Clean and efficient for persistent logging. Same tradeoff as inheritIO — you can't process the output in Java code, but for a proper reason.

Fix 6: Discard — When You Don't Care At All

When output is genuinely irrelevant, don't create a pipe in the first place.

ProcessBuilder pb = new ProcessBuilder("bash", "-c",
    "for i in {1..100000}; do echo \"Line $i\"; done");
pb.redirectErrorStream(true);
pb.redirectOutput(ProcessBuilder.Redirect.DISCARD);
Process process = pb.start();
int exitCode = process.waitFor(); // safe - no buffer exists
System.out.println("Exit code: " + exitCode);

Redirect.DISCARD handles this at the OS level — no pipe is created, no bucket to fill, nothing to manage. Cleaner than draining into OutputStream.nullOutputStream() in Java because the data never enters the JVM at all.

Which Fix Should You Actually Use?

Scenario	Fix
Short command, output needed in Java	BufferedReader
Long-running command, main thread must stay free	Async CompletableFuture
Need exit code inline, sequentially	Async drain + join() + waitFor()
All output in one place, no need to separate streams	redirectErrorStream + BufferedReader
Development, debugging, or CLI tools	inheritIO()
Production logging, no processing needed in Java	File redirect
Output is completely irrelevant	Redirect.DISCARD

The one rule that holds across every single case: **the pipe must have somewhere to go before you call waitFor(). Whether that's a reader thread, a file, or the terminal — the bucket must never be left to fill up.

Zombie Processes: The Dead That Won't Leave

Your process finished. The command ran, the work is done. But something is still sitting in the OS process table, consuming a PID, marked with a haunting label in ps:

PID   PPID  STAT  COMMAND
2847  1234  Z     [bash] <defunct>

The Kernel Never Forgets

When a child process calls exit(), the Kernel does the cleanup you'd expect — frees the memory, closes the file descriptors, tears down the execution context. But it deliberately keeps one thing alive: a small entry in the process table containing the exit status and the PID.

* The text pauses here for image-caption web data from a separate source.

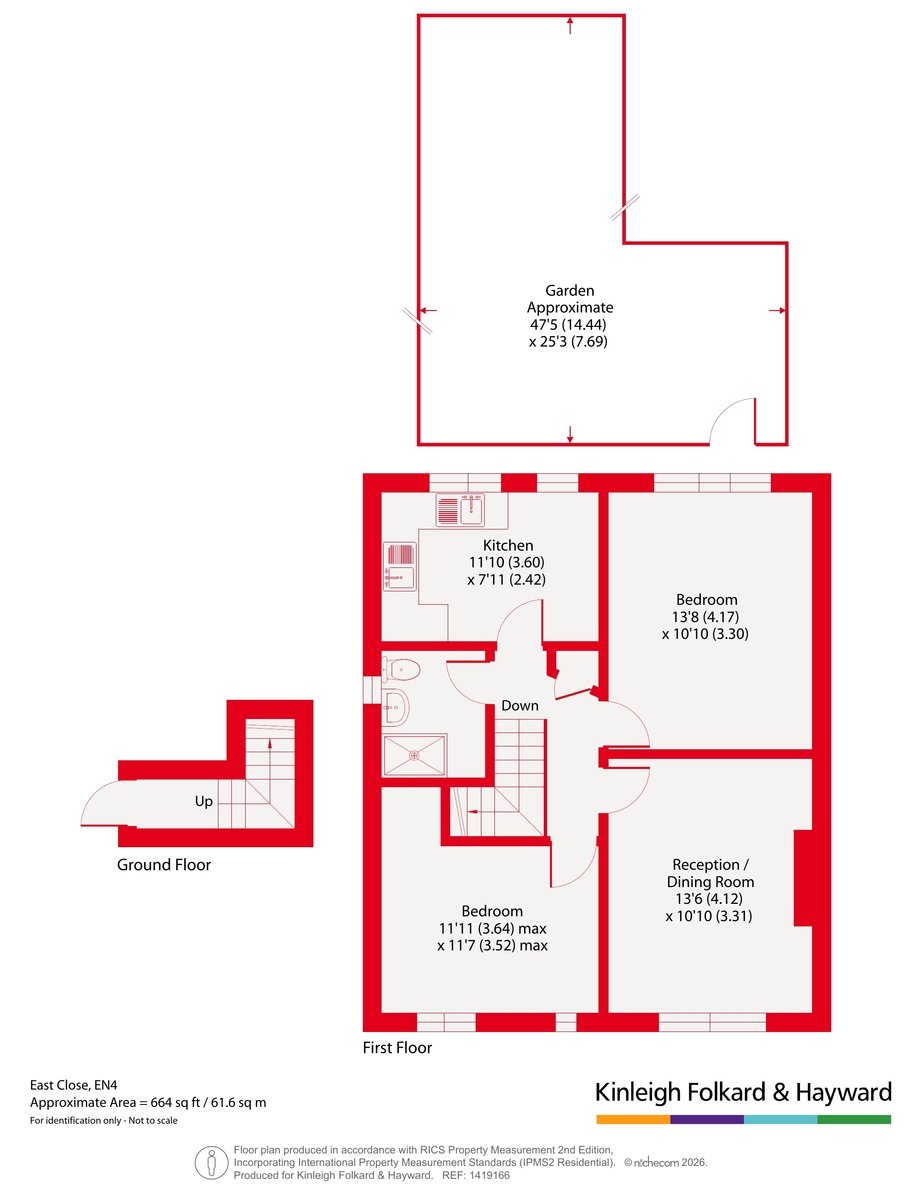 5, East Close, Barnet floorplan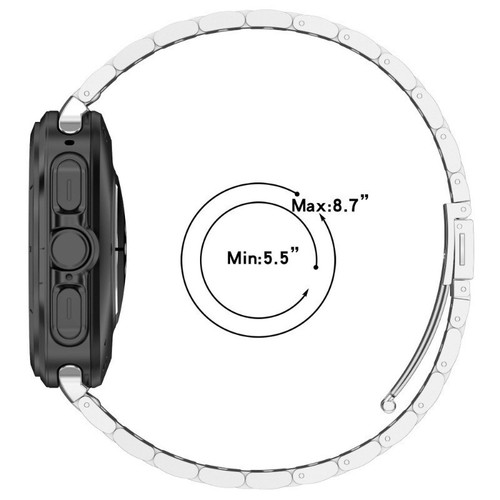 Metal Stainless Strap & TPU Case for Samsung Watch 8 40/44mm 8 Classic 46mm - Imagen 7 de 13
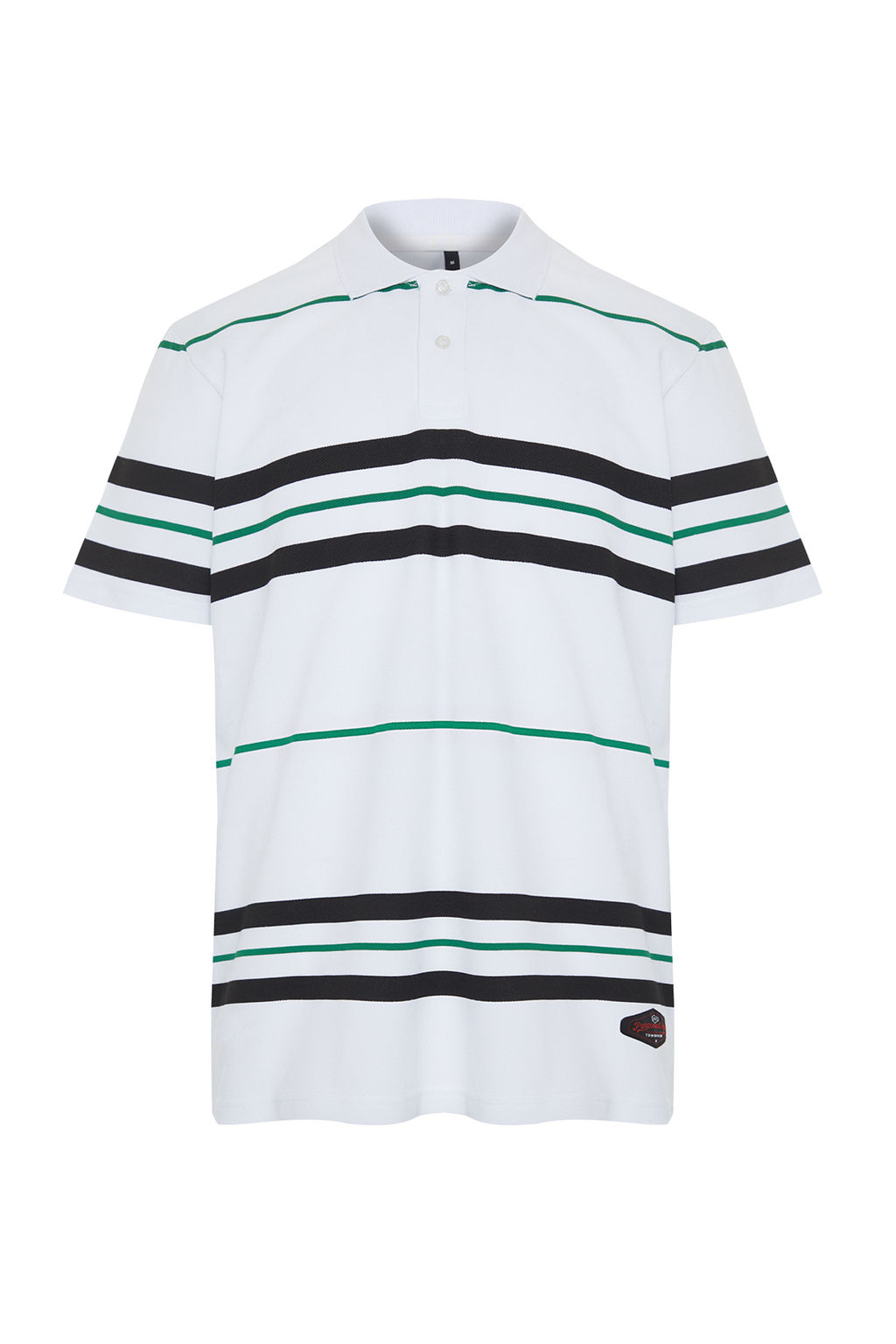 Regular/Normal Kesim K?sa Kol Cizgili Pike Etiketli Dugmeli Polo Yaka T-Shirt TMNSS24PO00015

Why? Because the Kernel assumes the parent might want to know how the child died. Was it successful? Did it crash? What was the exit code? The Kernel holds onto that answer and waits for the parent to come collect it — a system call called waitpid().

Until the parent collects it, the child is a Zombie. Not running. Not consuming memory or CPU. Just a row in a table, waiting to be acknowledged.

This is by design. The problem is when the parent never comes to collect.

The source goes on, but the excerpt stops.